Pictures with short captions:
--------------------

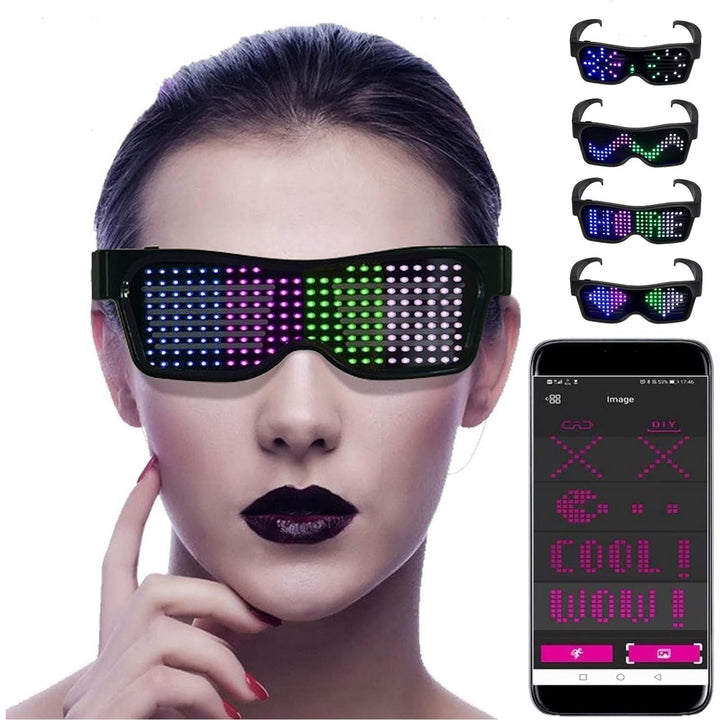 LED Feierbrille | Programmierbar | Text | Animation | 200 Lampen-Luzern Mode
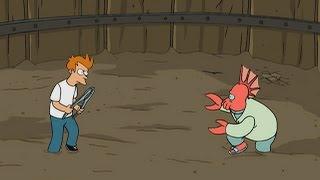 Fry fights Zoidberg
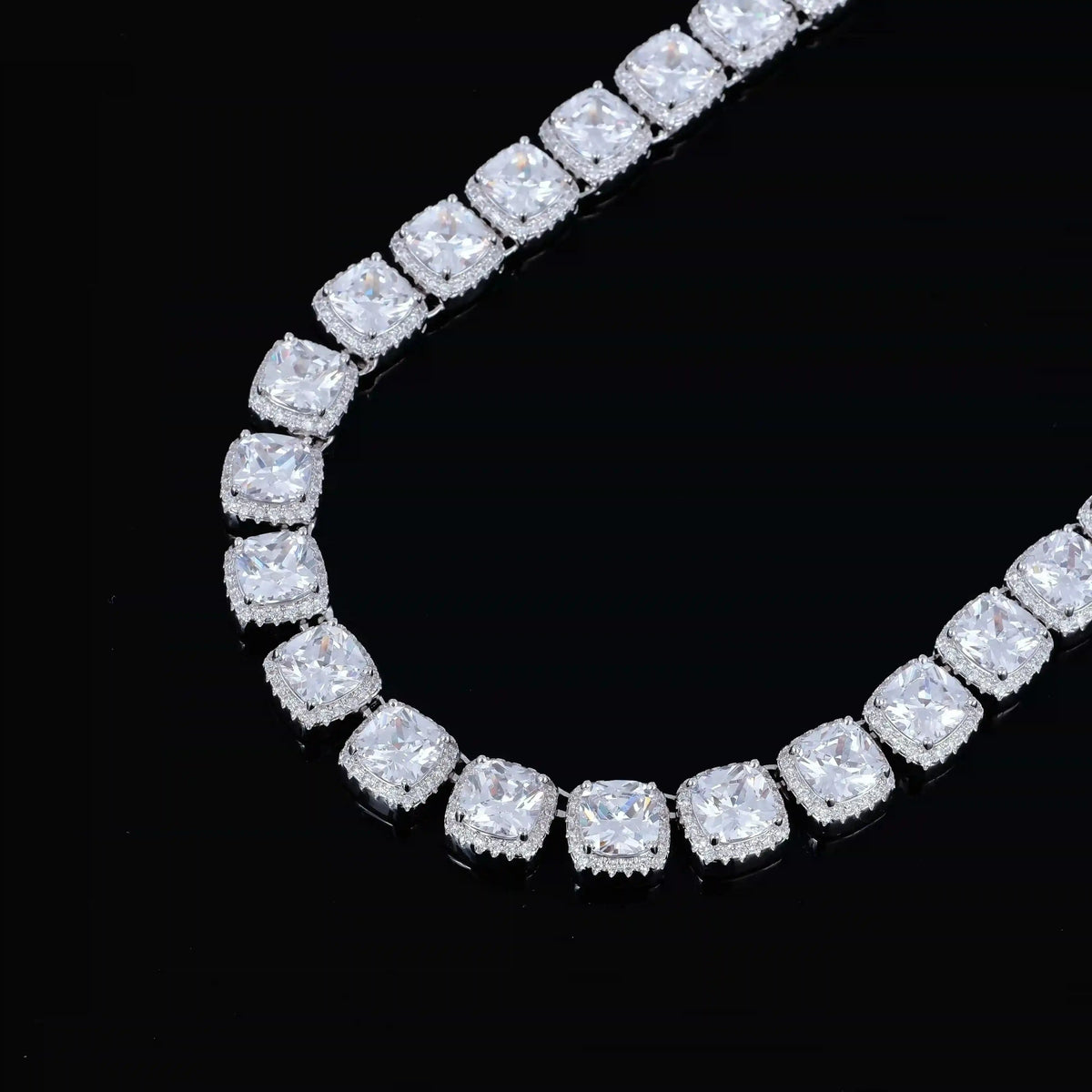 Glacier Clustered Tennis Chain in White Gold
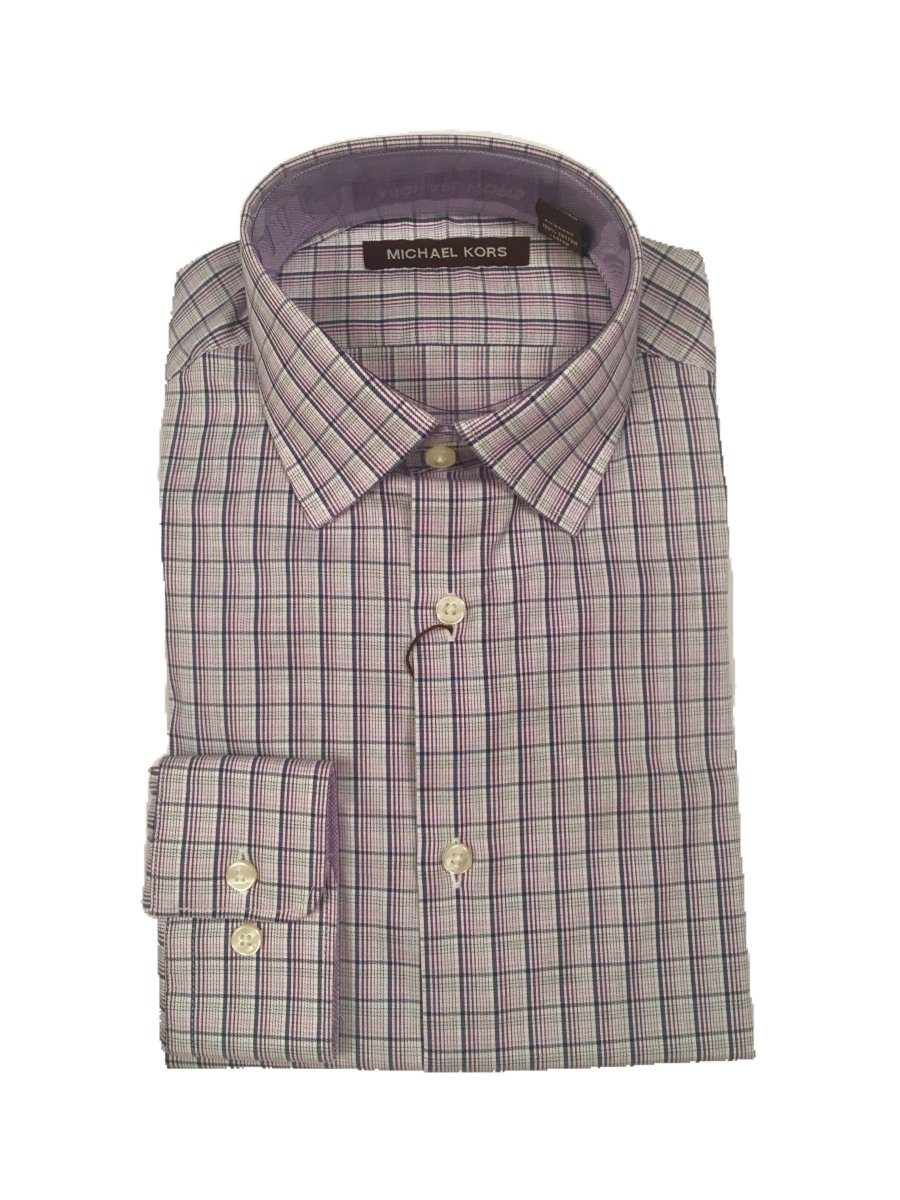 Michael Kors Boys Cotton Burgundy/Navy Plaid Shirt 192 Z0308 - NorthBoys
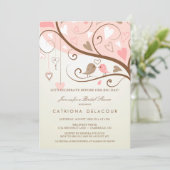 SHABBY CHIC TORTELDUIFJES BRIDAL SHOWER INVITATION KAART (Staand voorkant)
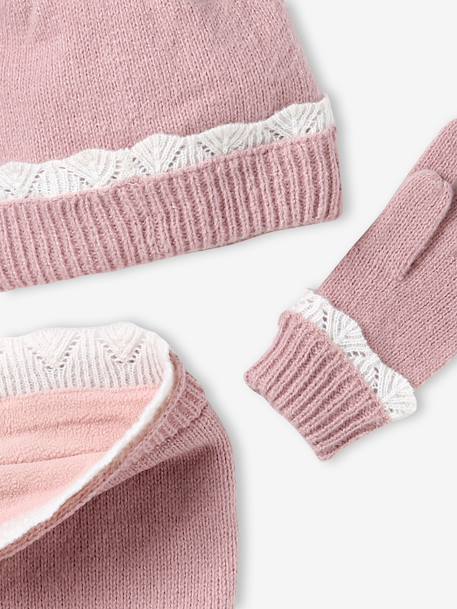 Ensemble fille bonnet, snood et gants en tricot rose pâle 6 - vertbaudet enfant 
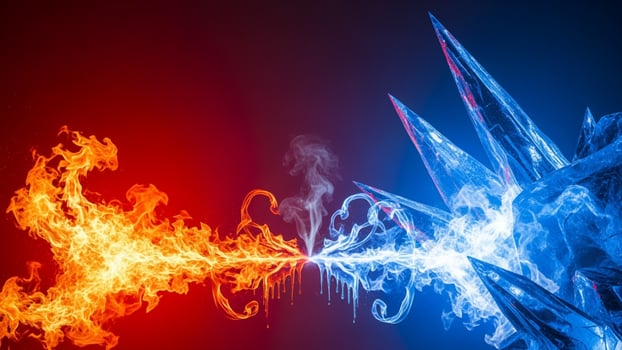 Two ice and fire are shown in the middle of a dark background photo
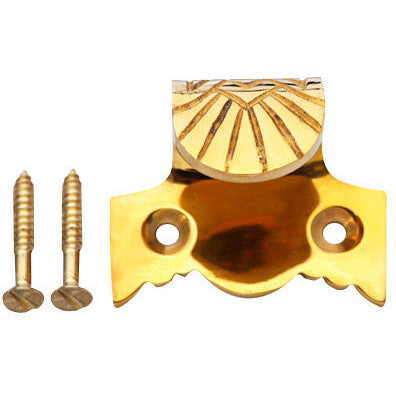 Solid Brass Sash Lift with Art Deco Pattern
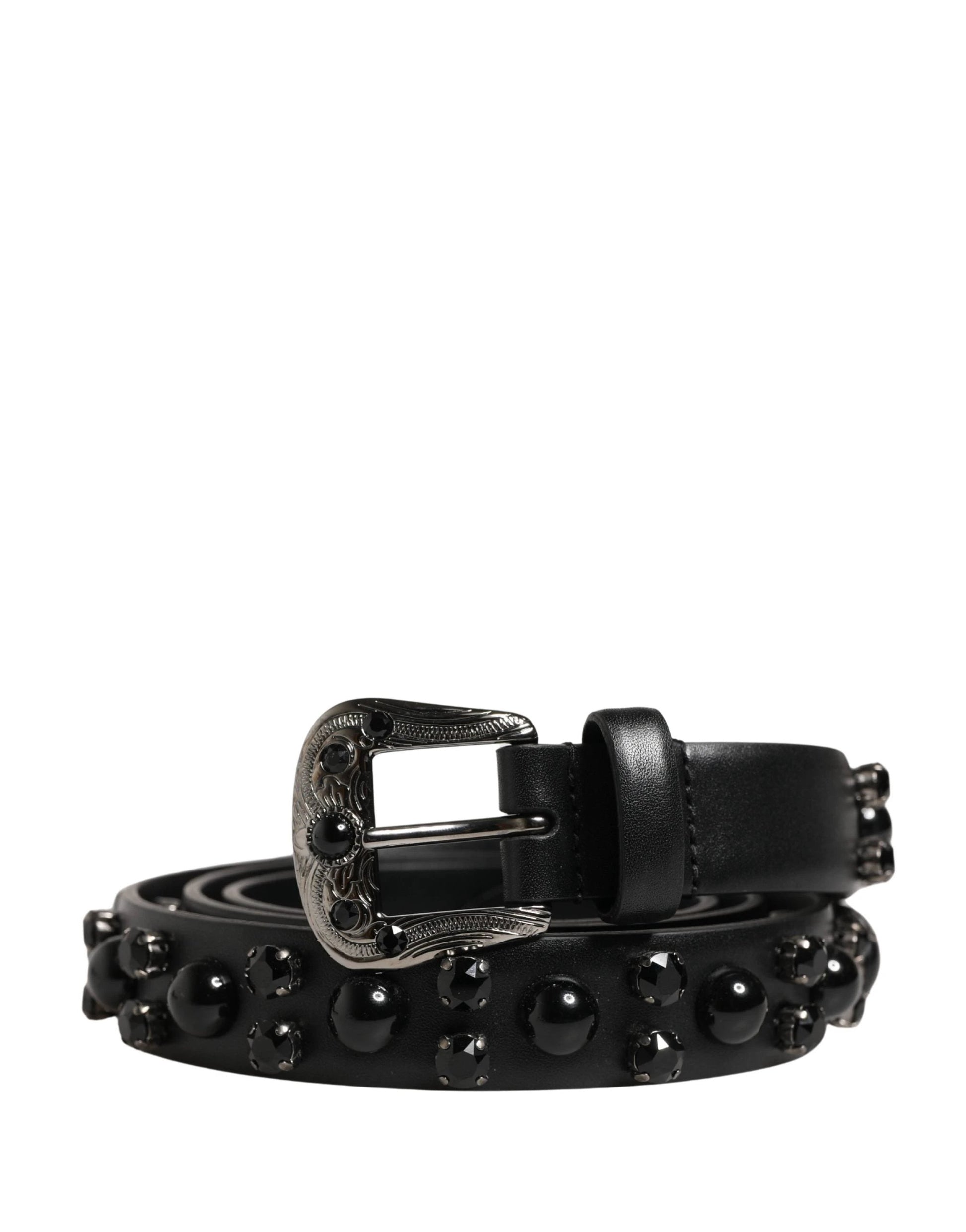 Dolce & Gabbana Men Black Calf Embellished Metal Buckle Belt by Dolce & Gabbana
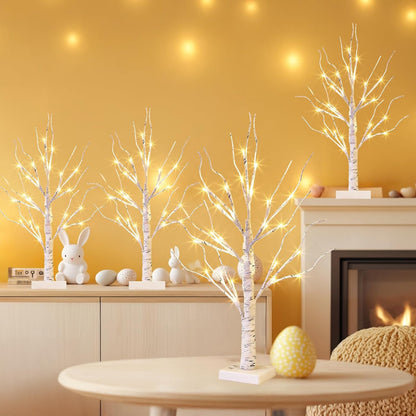 EAMBRITE Home Decorations Light Up White Birch Tree Indoor Christmas Decor, 4 Pack Battery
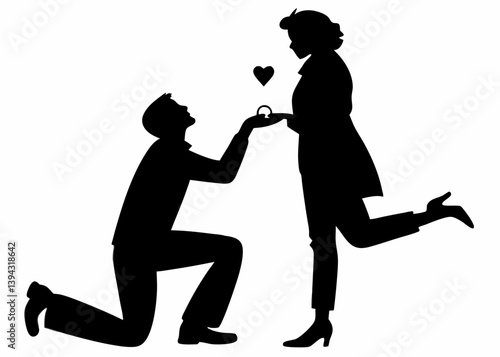 Man kneeling and proposing to a woman vector silhouette.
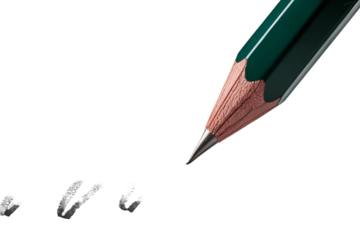 Close up of a sharpened pencil writing on a black surface isolated on transparent background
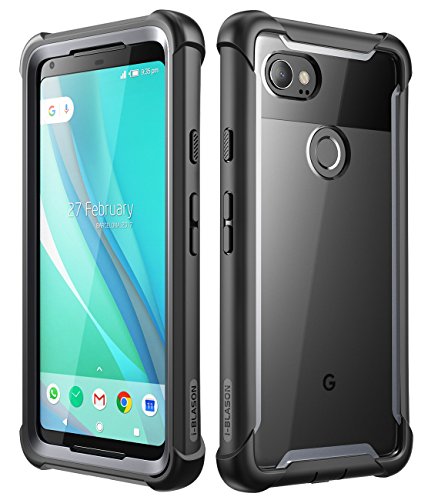 Product Cover i-Blason Case for Google Pixel 2 XL 2017 Release, [Ares] Full-Body Rugged Clear Bumper Case with Built-in Screen Protector(Black)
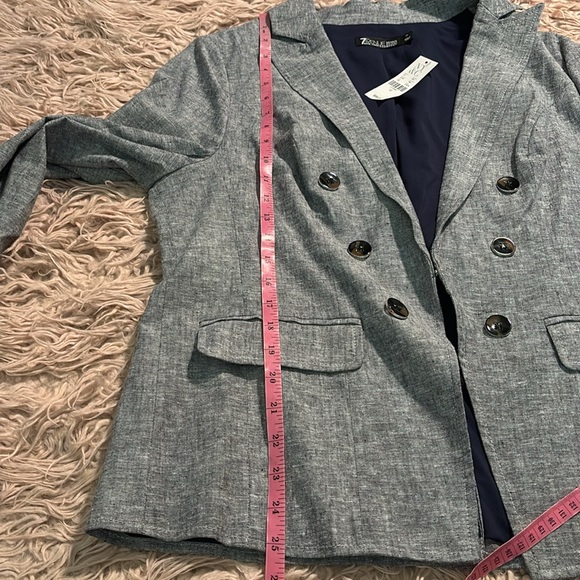 NWT New York & Company-7th Avenue Design Studio Linen Blend 3/4 Sleeve Blazer - Picture 12 of 13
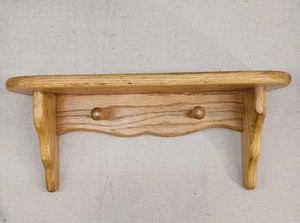 Solid Oak Wood Wall Shelf With Plate Groove And Pegs 18" Long - Picture 1 of 13
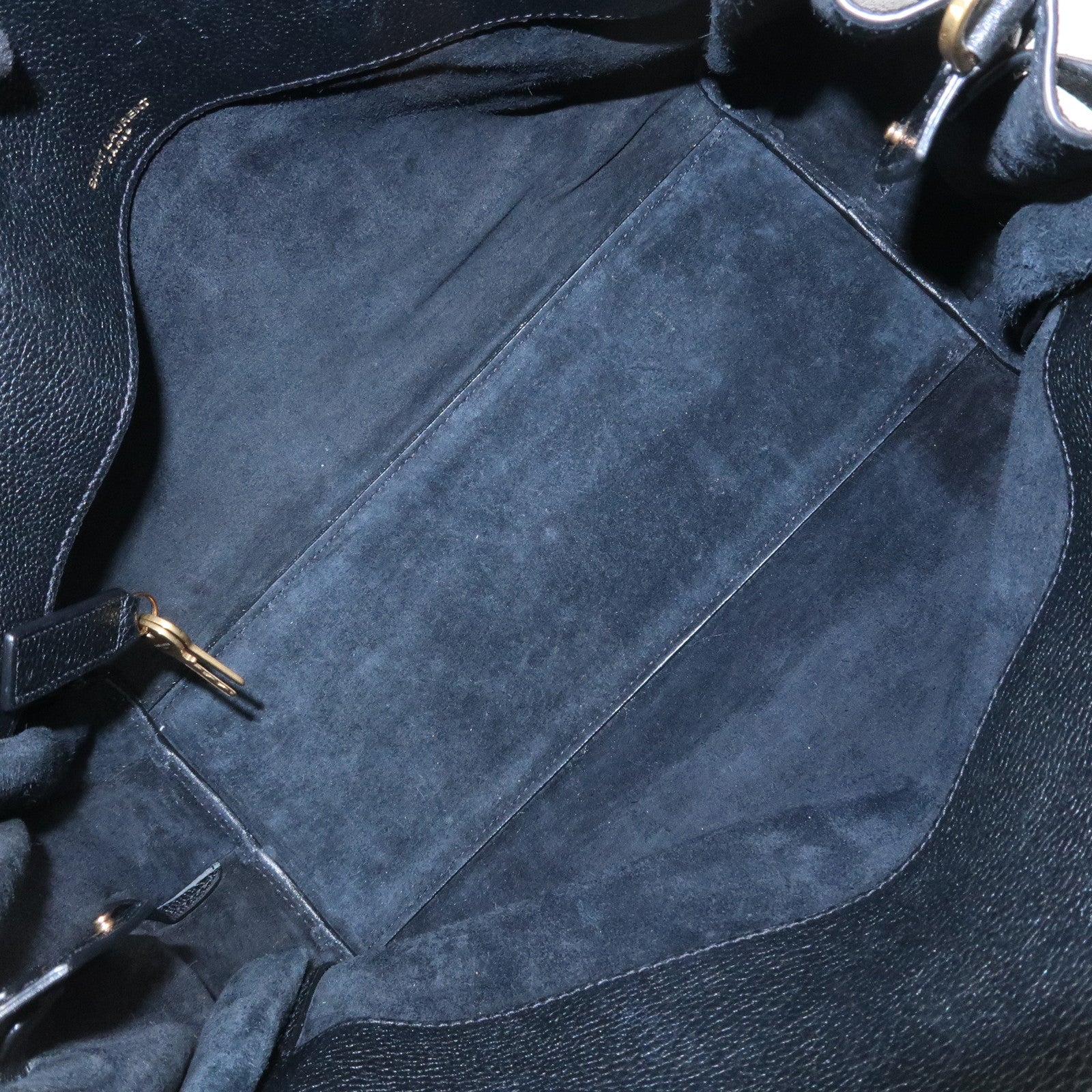 SAINT LAURENT PARIS Grain Calf Leather 2Way Bag Black 717447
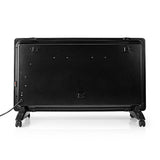 Nedis HTPL20FBK Glasplatten-Konvektorheizung, Thermostat, LCD-Bildschirm, 2 Heizstufen, stehend, Wandmontage, 2000 W, Schwarz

--------------------

▶ [What needs to be done]
Of the lines above, copy only those from the one holding "EAMBRITE Home Decorations" to the one holding "Close up of", both included, and exclude every image.

▶ [Output for this exercise]
 EAMBRITE Home Decorations Light Up White Birch Tree Indoor Christmas Decor, 4 Pack Battery
 Man kneeling and proposing to a woman vector silhouette.
 Close up of a sharpened pencil writing on a black surface isolated on transparent background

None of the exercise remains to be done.